Saturday, June 02, 2007

Blogroll Update and Linky-Dinks

Thanks to Maya's Granny, I've discovered some new blogs that deal with body image, weight and food issues. I'm updating my blogroll to add some of these.

Every Woman Has An Eating Disorder posted earlier this month about "Rich and Skinny Jeans" which apparently can be yours for a mere $200 from Bloomingdales. Not only is the implication that Rich and Skinny is inherently desirable, but now you can buy it! I remember an add campaign from the early 80's for a fancy watch--can't remember the brand--that was basically a long shot panning up the body of a very tanned, very thin, bikini-clad woman, and at the end she says "you can never be too rich or too thin" (quote originally attributed to the Duchess of Windsor). I always wondered how effective that ad campaign was. At the time I was going through a divorce and one of my extreme dieting periods, and I sure wanted that watch. If I saw that ad today, I'd be throwing a shoe at the TV and writing letters to CEO's. Check out her other posts too, some very interesting stuff there.
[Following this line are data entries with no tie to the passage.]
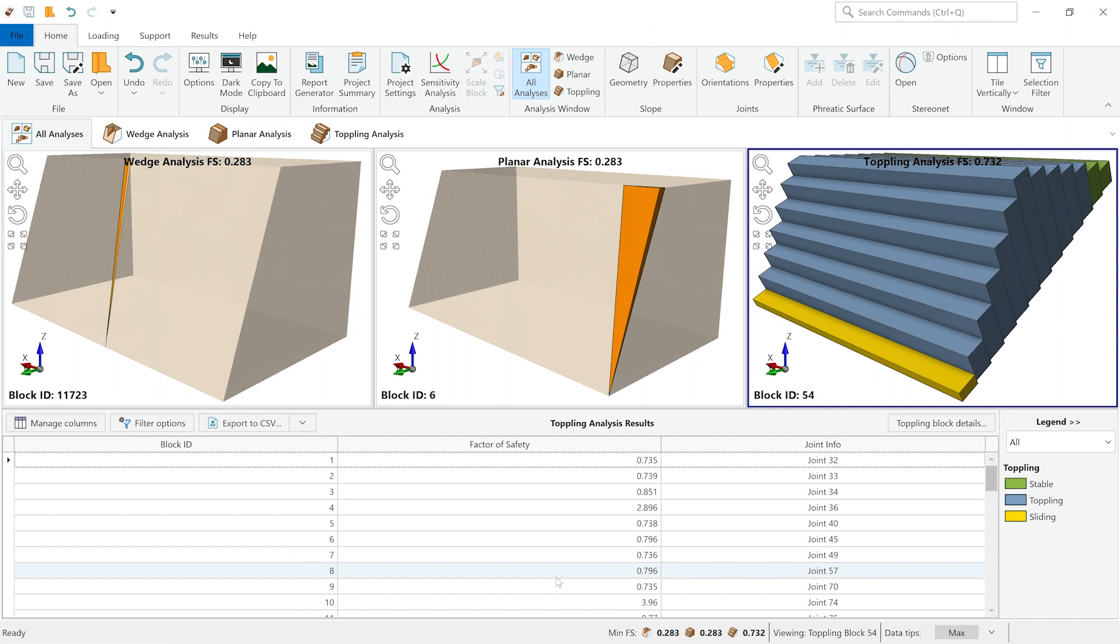This was a quick introduction on how to model rock slopes in rock slope 2. Thank you for watching. Don't forget to subscribe. If you have any questions, please leave it in the comment section. See you for the next video.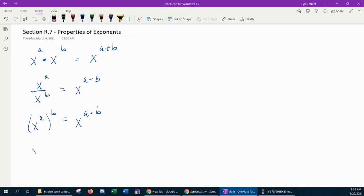The next property: if you have a variable raised to a negative power, it is not good math etiquette to leave negative exponents. The way you can make that positive is by doing the reciprocal. So x to the negative a can simplify to 1 over x to the a.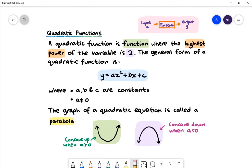A quadratic function is a function where the highest power of the variable is 2. You can consider a function as a machine — when you input a value of x, you will get a value of y coming out. The general form of a quadratic function is y = ax² + bx + c, where a, b and c are constants. The graph of a quadratic equation or function is called a parabola.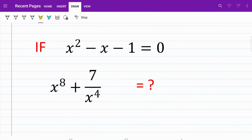Hello everyone. Welcome back to MathMind. In today's video, we'll be looking to solve a question from the Junior Math Olympiad. As usual, if you want to try the question for yourself, feel free to pause the video.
Adios Barbie is a blog I used to read regularly a few years ago, and I was delighted to see is still active.

When I first clicked on The Rotund and saw a picture of Audre Lorde, I knew I'd found another regular blog-stop. It's a great blend of feminism, politics and body image topics.

Also check out fat fu and Feed Me!

I'm off to update my blogroll now. Once I've had time to peruse some more of Granny's links I'll post them.

Edited to add: Another fun blog I stumbled across recently is too fat for fashion. Go check it out.